Signed-off-by: Paul E. McKenney <paulmck@kernel.org>

locktorture: Prevent hangs for invalid arguments

If an locktorture torture-test run is given a bad kvm.sh argument, the
test will complain to the console, which is good.  What is bad is that
from the user's perspective, it will just hang for the time specified
by the --duration argument.  This commit therefore forces an immediate
kernel shutdown if a lock_torture_init()-time error occurs, thus avoiding
the appearance of a hang.  It also forces a console splat in this case
to clearly indicate the presence of an error.

Signed-off-by: Paul E. McKenney <paulmck@kernel.org>

locktorture: Ignore nreaders_stress if no readlock support

Exclusive locks do not have readlock support, which means that a
locktorture run with the following module parameters will do nothing:

torture_type=mutex_lock nwriters_stress=0 nreaders_stress=1

This commit therefore rejects this combination for exclusive locks by
returning -EINVAL during module init.

Signed-off-by: Hou Tao <houtao1@huawei.com>
Signed-off-by: Paul E. McKenney <paulmck@kernel.org>

rcutorture: Adjust scenarios SRCU-t and SRCU-u to make kconfig happy

The SRCU-u scenario expects to enable lockdep but to also disable the
CONFIG_PREEMPT_COUNT kconfig option. This no longer works. This commit
therefore instead enables lockdep in SRCU-t, which then allows SRCU-u
to disable CONFIG_PREEMPT_COUNT.

Signed-off-by: Paul E. McKenney <paulmck@kernel.org>

refscale: Prevent hangs for invalid arguments

If an refscale torture-test run is given a bad kvm.sh argument, the
test will complain to the console, which is good.  What is bad is that
from the user's perspective, it will just hang for the time specified
by the --duration argument.  This commit therefore forces an immediate
kernel shutdown if a ref_scale_init()-time error occurs, thus avoiding
the appearance of a hang.  It also forces a console splat in this case
to clearly indicate the presence of an error.
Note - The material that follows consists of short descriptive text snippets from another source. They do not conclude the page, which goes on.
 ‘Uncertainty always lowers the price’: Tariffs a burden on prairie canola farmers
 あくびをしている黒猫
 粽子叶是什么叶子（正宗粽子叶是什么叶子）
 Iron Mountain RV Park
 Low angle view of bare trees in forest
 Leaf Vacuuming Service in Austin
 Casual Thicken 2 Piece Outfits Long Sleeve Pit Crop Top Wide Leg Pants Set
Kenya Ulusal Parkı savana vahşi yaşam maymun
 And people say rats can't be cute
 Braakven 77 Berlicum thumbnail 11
Signed-off-by: Paul E. McKenney <paulmck@kernel.org>

rcuscale: Prevent hangs for invalid arguments

If an rcuscale torture-test run is given a bad kvm.sh argument, the
test will complain to the console, which is good.  What is bad is that
from the user's perspective, it will just hang for the time specified
by the --duration argument.  This commit therefore forces an immediate
kernel shutdown if a rcu_scale_init()-time error occurs, thus avoiding
the appearance of a hang.  It also forces a console splat in this case
to clearly indicate the presence of an error.

Signed-off-by: Paul E. McKenney <paulmck@kernel.org>

torture: Exclude "NOHZ tick-stop error" from fatal errors

The "NOHZ tick-stop error: Non-RCU local softirq work is pending"
warning happens frequently and appears to be irrelevant to the various
torture tests. This commit therefore filters it out.
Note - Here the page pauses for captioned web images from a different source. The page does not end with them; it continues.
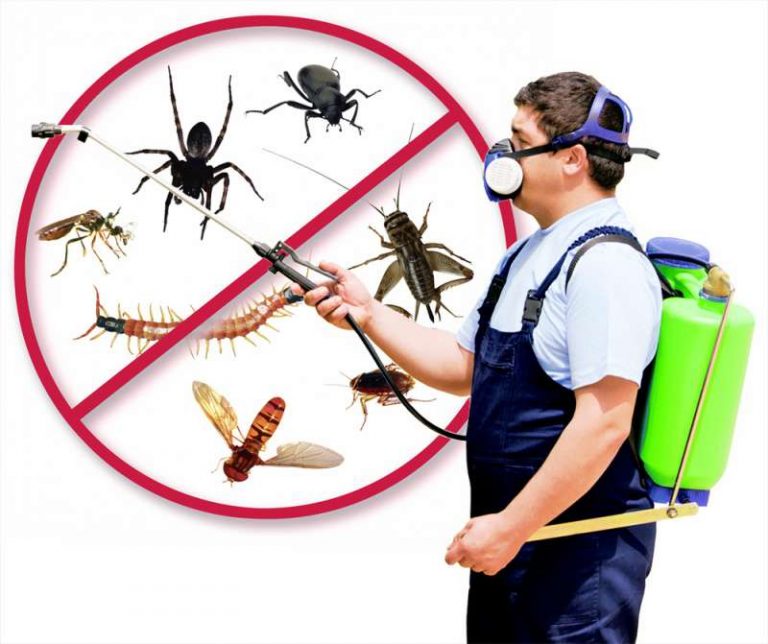 Pest Inspection in Arnoldsville
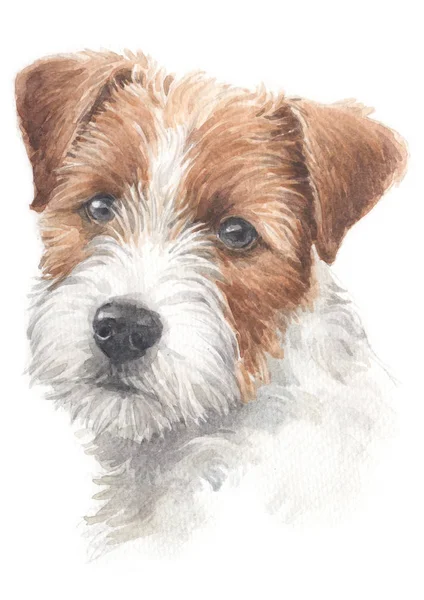 Water Colour Painting Jack Russell Terrier 030 — Stock Photo, Image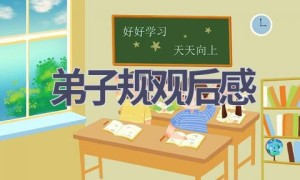 弟子规观后感(11篇范文）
If there proves to be a need to pay attention to it a later commit will
add an "advice" category to allow the user to immediately see that
although something happened, it was not an indictment of the system
being tortured.

Signed-off-by: Paul E. McKenney <paulmck@kernel.org>

rcuscale: Avoid divide by zero

The rcuscale test module does not use batches, so there is only
ever one batch. This commit therefore informs the kvm-recheck-rcuscale.sh
script of this fact of life.

Signed-off-by: Paul E. McKenney <paulmck@kernel.org>

rcuscale: Add RCU Tasks Trace

This commit adds the ability to test performance and scalability of RCU
Tasks Trace updaters.

Reported-by: Alexei Starovoitov <alexei.starovoitov@gmail.com>
Signed-off-by: Paul E. McKenney <paulmck@kernel.org>

scftorture: Add an alternative IPI vector

The scftorture tests currently use only smp_call_function() and
friends, which means that these tests cannot locate bugs caused by
interactions between different IPI vectors. This commit therefore adds
the rescheduling IPI to the mix.

Note that this commit permits resched_cpus() only when scftorture is
built in. This is a workaround. Longer term, this will use real wakeups
rather than resched_cpu().

Signed-off-by: Paul E. McKenney <paulmck@kernel.org>

torture: Make torture_stutter() use hrtimer

The torture_stutter() function uses schedule_timeout_interruptible()
to time the stutter duration, but this can miss race conditions due to
its being time-synchronized with everything else that is based on the
timer wheels. This commit therefore converts torture_stutter() to use
the high-resolution timers via schedule_hrtimeout(), and also to fuzz
the stutter interval. While in the area, this commit also limits the
spin-loop portion of the stutter_wait() function's wait loop to two
jiffies, down from about one second.

Signed-off-by: Paul E. McKenney <paulmck@kernel.org>

torture: Periodically pause in stutter_wait()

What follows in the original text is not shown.